# Given entries:
######

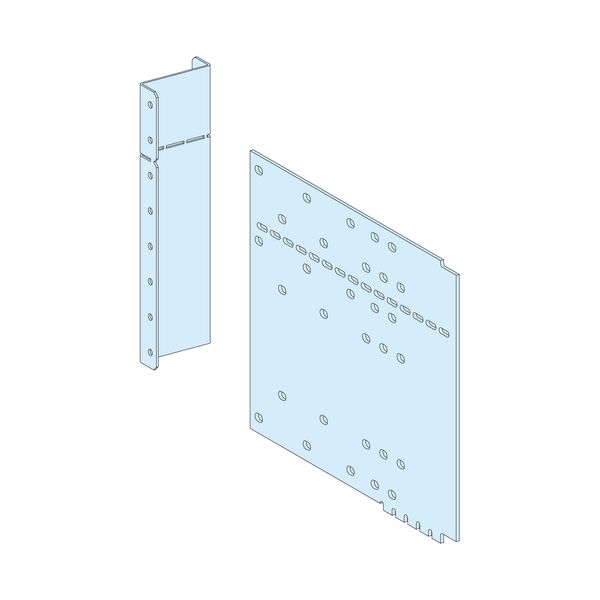 Form 3 vertical partition for rear connection, 3 or 4 modules image 1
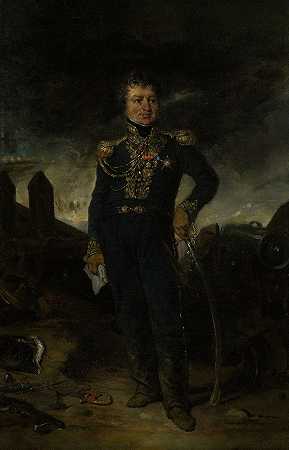约瑟夫·利奥波德·西吉斯伯特·雨果将军的肖像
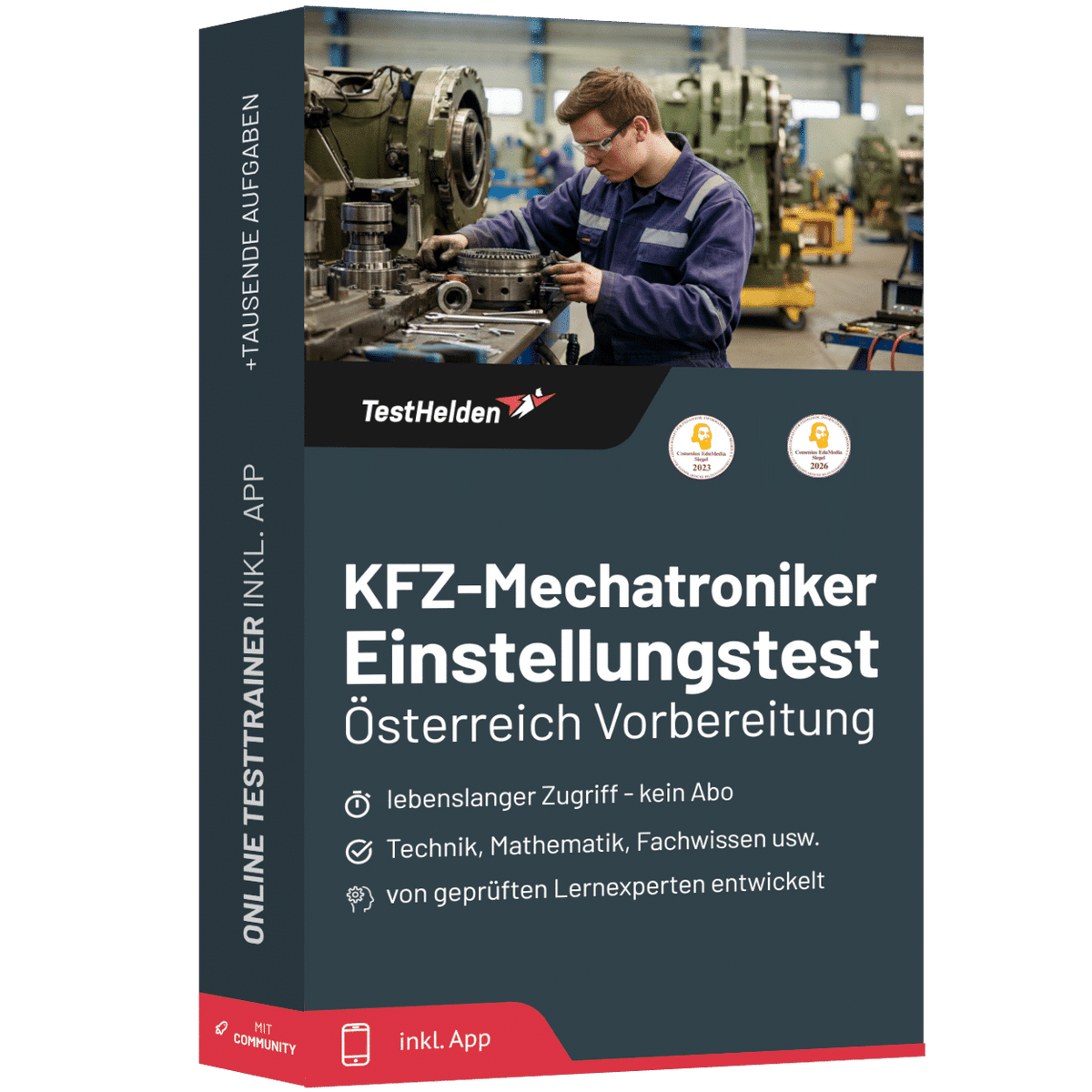 Buchcover kfz-mechatroniker-oesterreich-einstellungstest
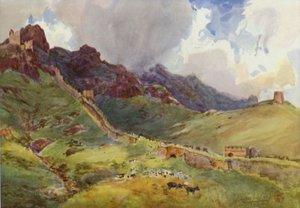 Die Große Mauer oberhalb von Shan-Hai-Kwan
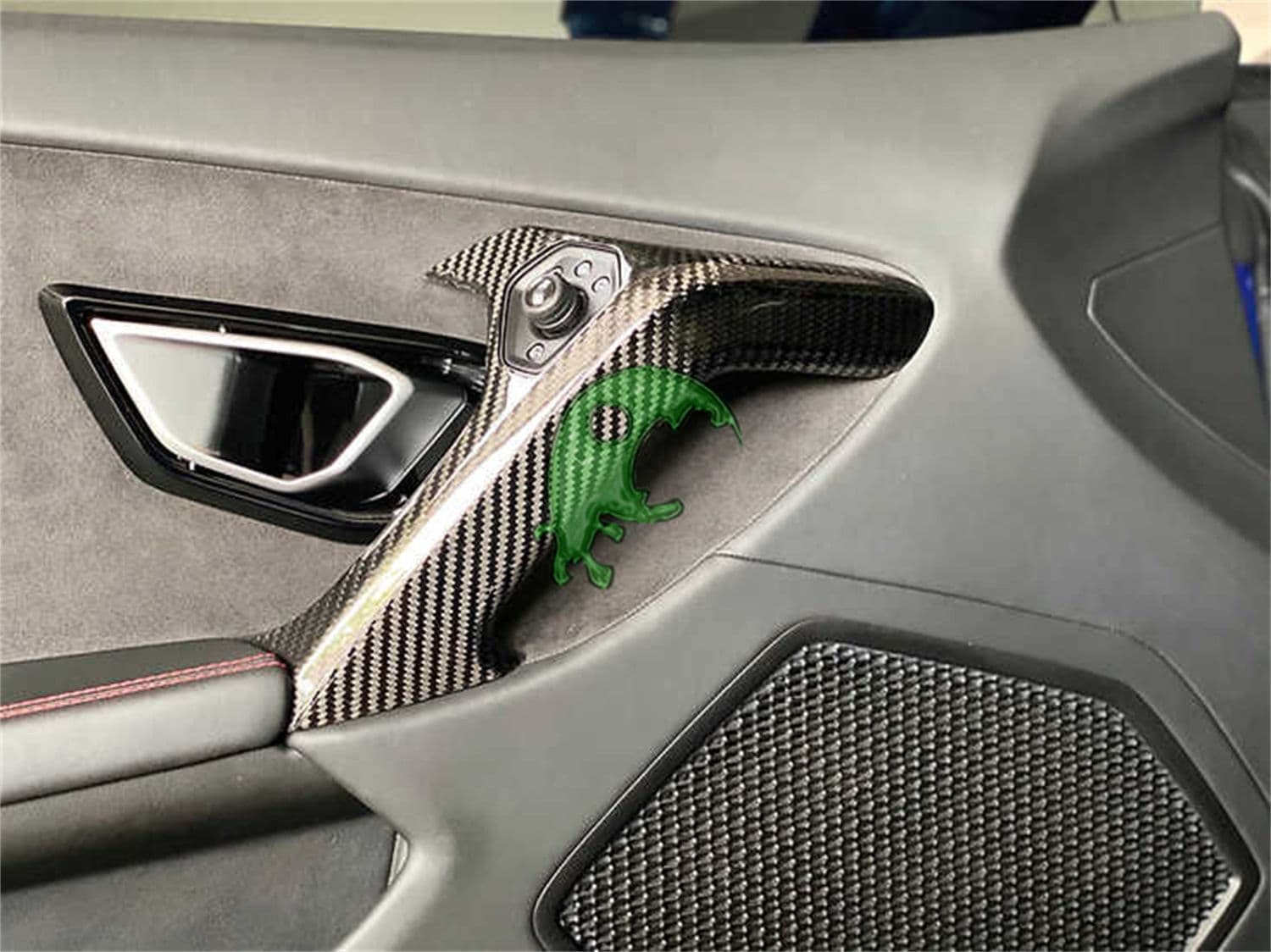 Dry Carbon Fiber Door Handle Cover Interiors Kits for Lamborghini Huracan LP610/LP580/EVO (Stick On)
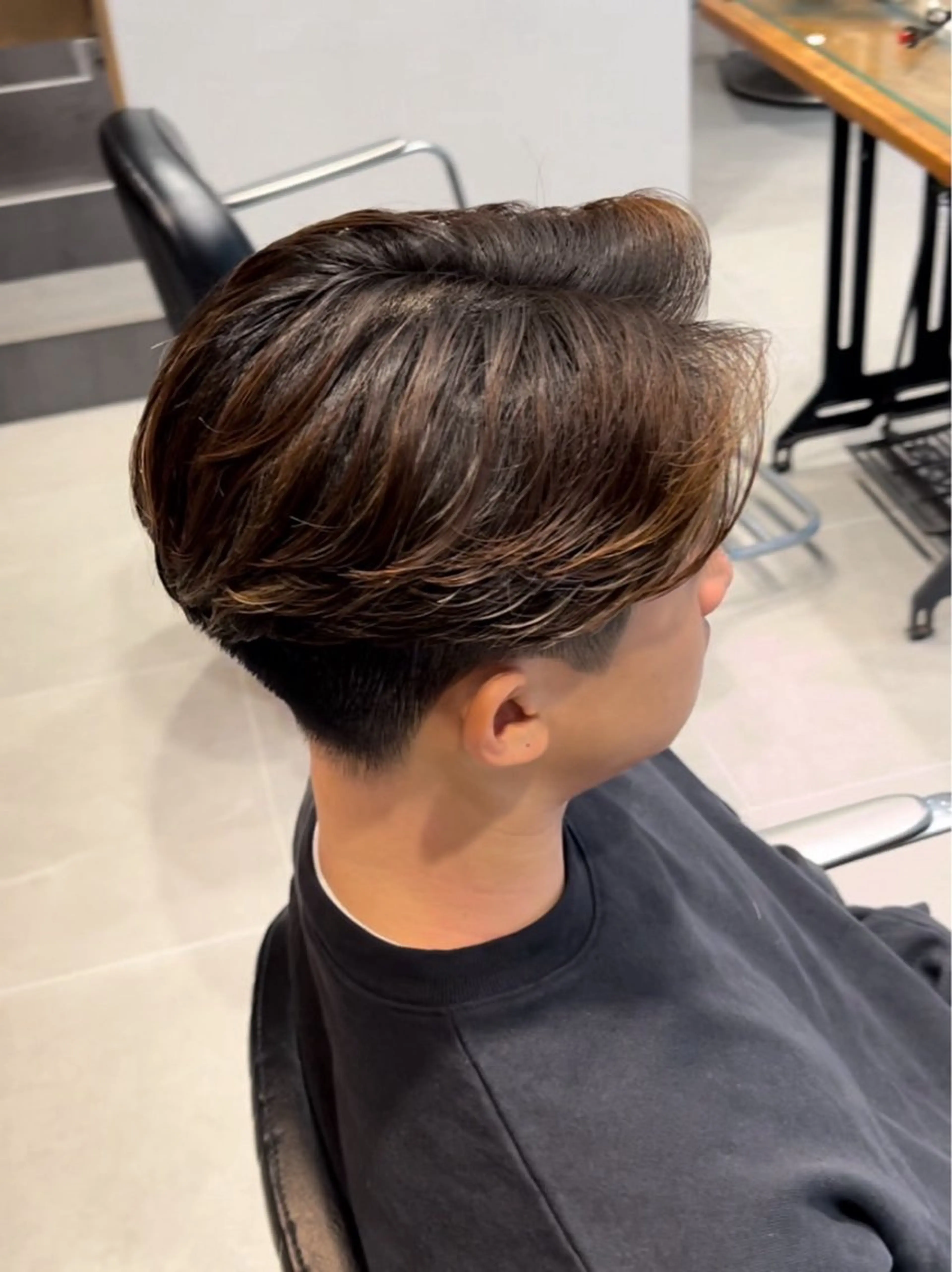 ショート Groomers Tokyo所属・大山慧也/メンズ/ フェード/バーバーのヘアスタイル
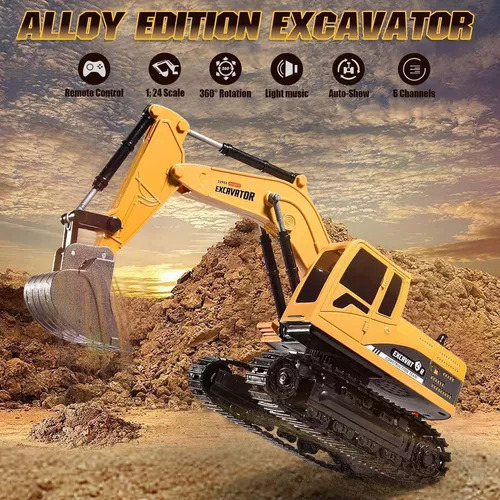 W Remote Excavator Machine 1:24 L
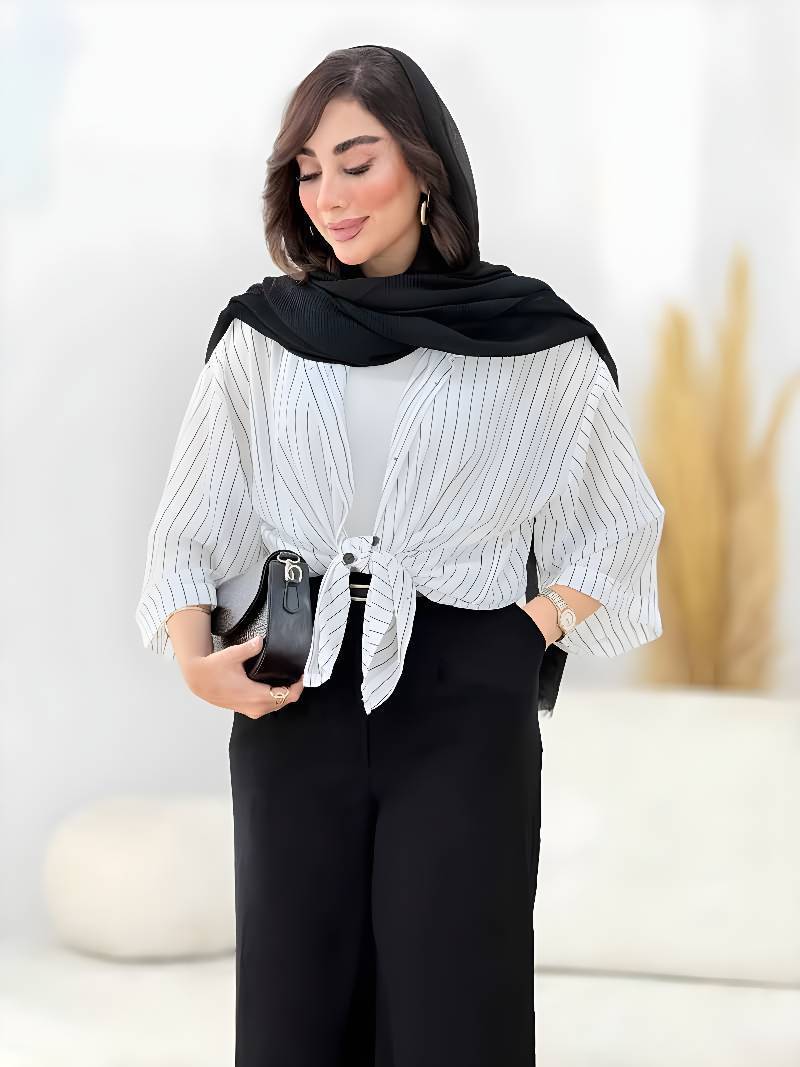 مانتو دیپلمات رخساره 🌿 با رنگ بندی و کیفیت عالی ✅ساری23413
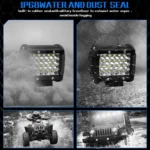 24LED 4 Inch CREE White Work Light – Waterproof Off-Road Fog & Driving Spotlight - Image 8
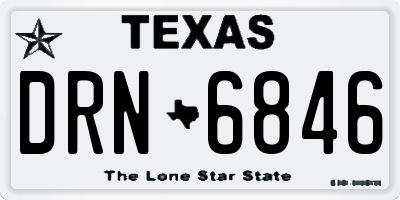 TX license plate DRN6846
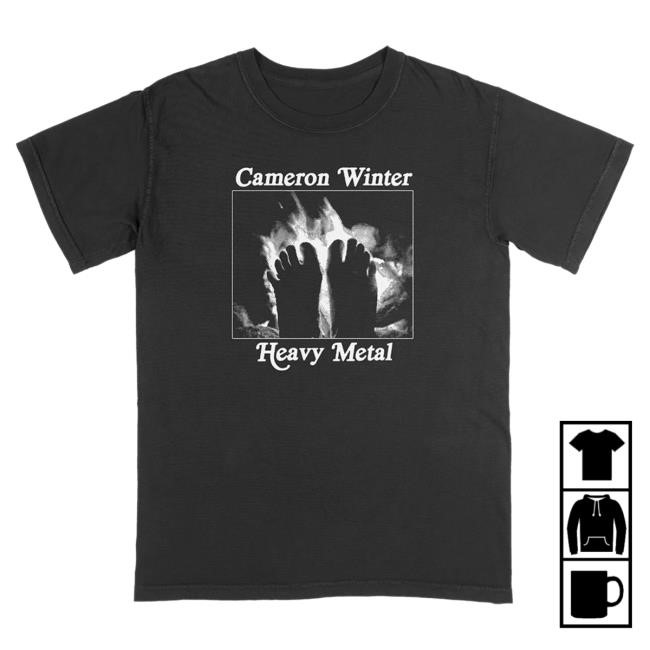 Flame Shirts Hello Merch Cameron Winter | Cameron Winter Official | Music Artist Fan Gear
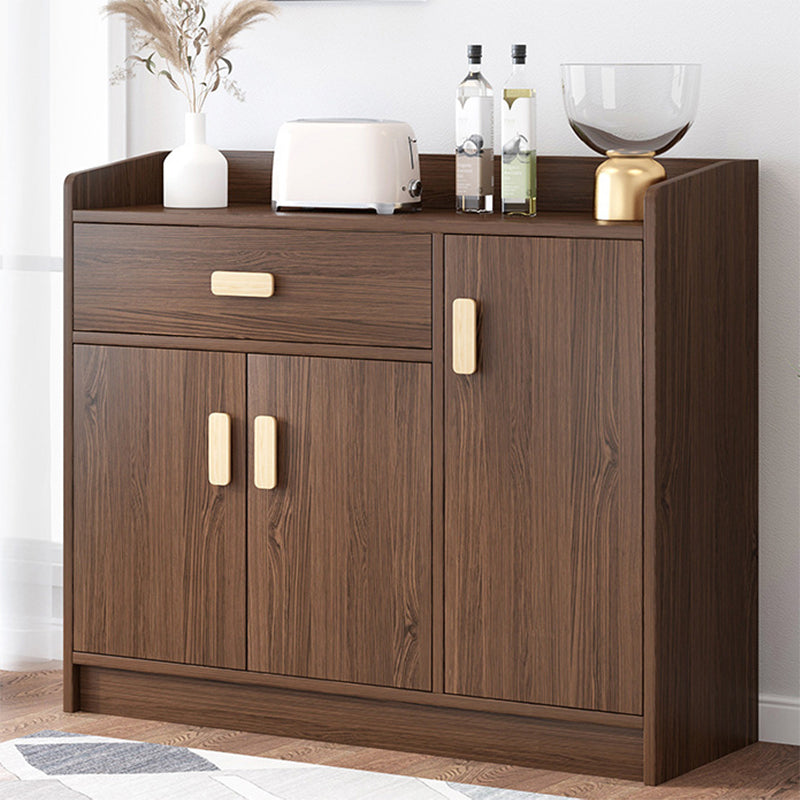 Wood Accent Cabinet with Drawer Contemporary Rectangle Side Cabinet Clearhalo 'Cabinets & Chests' 'cabinets_chests' 'furn' 'furn_cabinets_chests' 'Furniture' 'Living Room Furniture' 5683200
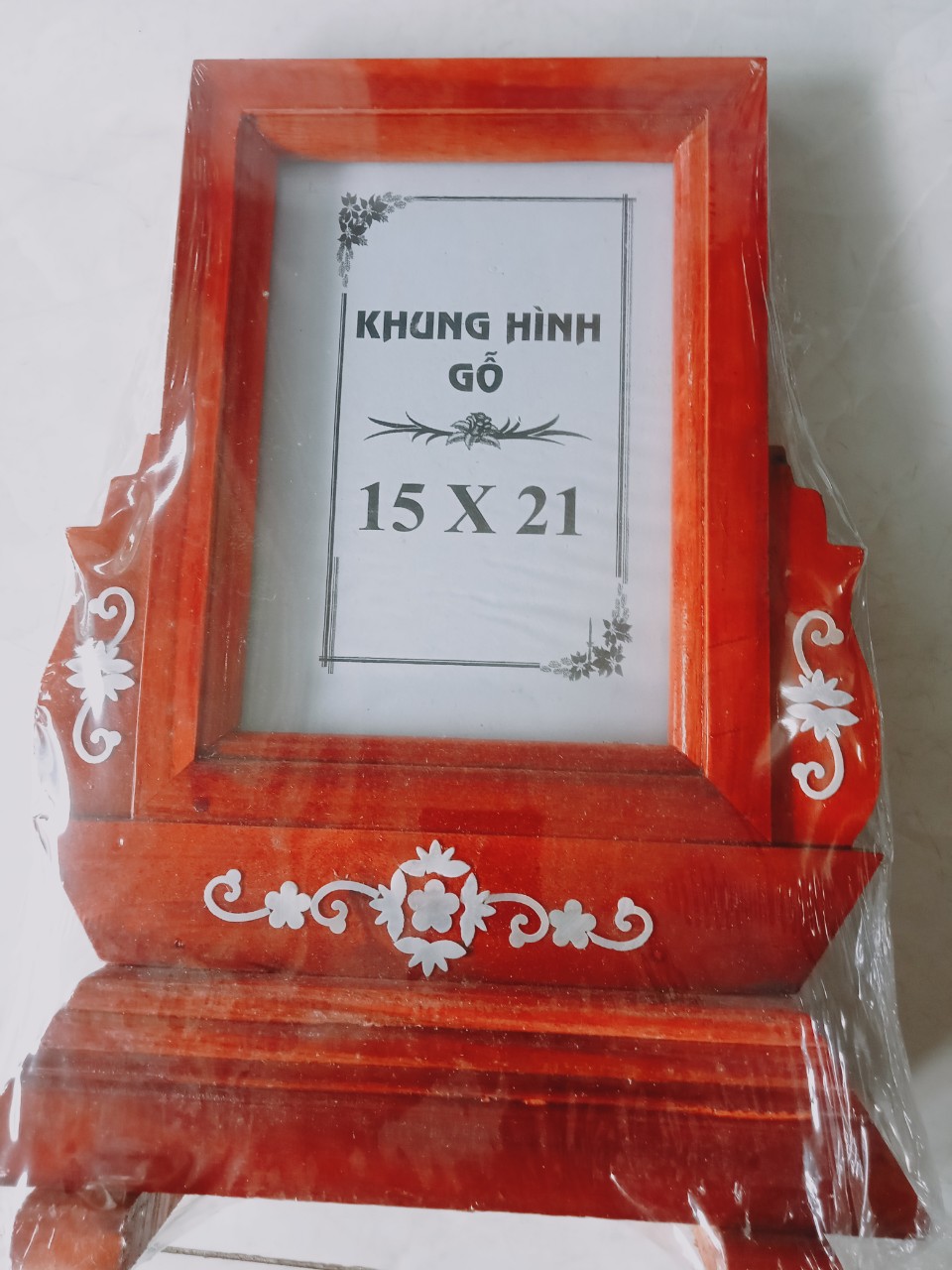 Khung ảnh thờ 15x21 gỗ cao cấp Khung đẹp chắc chắn mà không bị cong vênh khi sử dụng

######

# Your task:
Include the first line of the records, the line containing "ショート Groomers Tokyo所属・大山慧也/メンズ/", and every line between them, repeated exactly. Skip the pictures.

# Response to the task:
 Form 3 vertical partition for rear connection, 3 or 4 modules image 1
约瑟夫·利奥波德·西吉斯伯特·雨果将军的肖像
 Buchcover kfz-mechatroniker-oesterreich-einstellungstest
 Die Große Mauer oberhalb von Shan-Hai-Kwan
 Dry Carbon Fiber Door Handle Cover Interiors Kits for Lamborghini Huracan LP610/LP580/EVO (Stick On)
 ショート Groomers Tokyo所属・大山慧也/メンズ/ フェード/バーバーのヘアスタイル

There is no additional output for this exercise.